=== What is expected ===
For this exercise, write out the whole listing below exactly, omitting its images.

=== Data section ===
------------------------------------

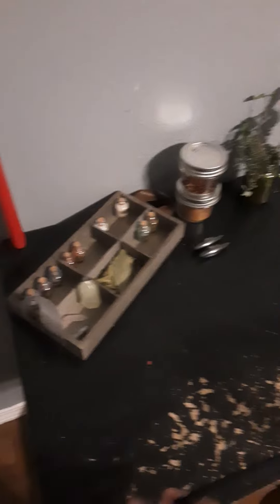Welcome to my new witch desk setup! And yes, by the way, this is a chopstick, but I use it as a wand. I don't know why I need a wand.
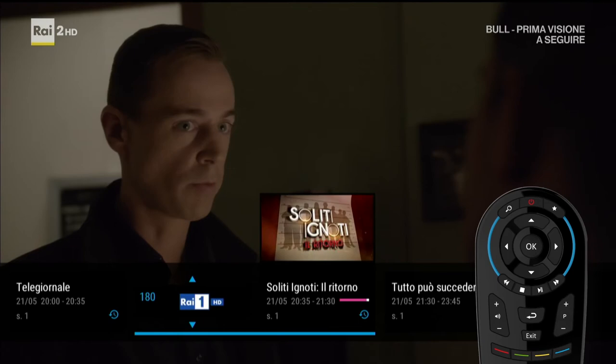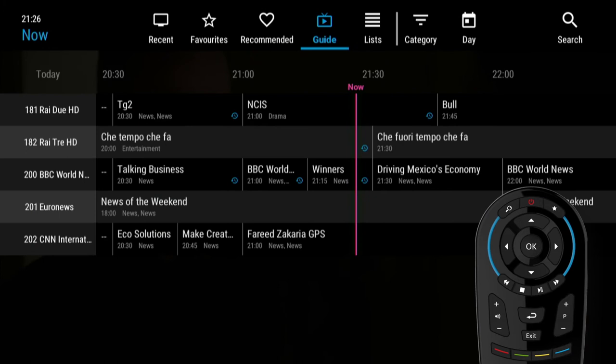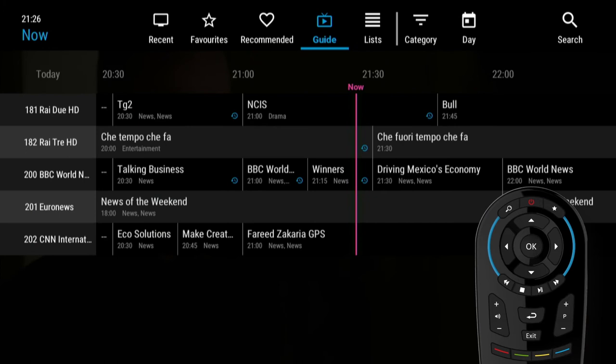If you'd like to see the full program guide, simply use the red button. And you can also get to the program guide from the home screen. Press OK, then lists.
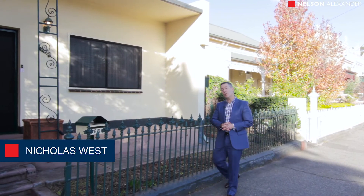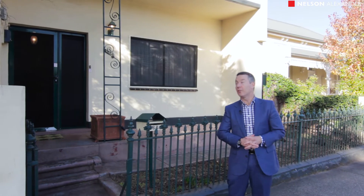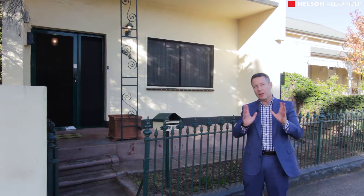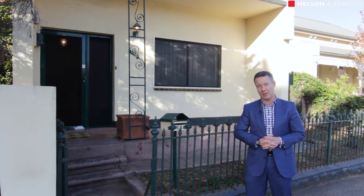Hi, my name is Nick Westman, also Alexander. If you're looking for a unique buying opportunity in the marketplace, then you've got to come and have a look at 636 Canning Street here in the heart of North Carlton. It offers fabulous future potential opportunities, and it's in one of the boulevard locations that everyone wants to be in.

------------------------------------

=== Result of the task ===
Welcome to my new witch desk setup! And yes, by the way, this is a chopstick, but I use it as a wand. I don't know why I need a wand.
If you'd like to see the full program guide, simply use the red button. And you can also get to the program guide from the home screen. Press OK, then lists.
Hi, my name is Nick Westman, also Alexander. If you're looking for a unique buying opportunity in the marketplace, then you've got to come and have a look at 636 Canning Street here in the heart of North Carlton. It offers fabulous future potential opportunities, and it's in one of the boulevard locations that everyone wants to be in.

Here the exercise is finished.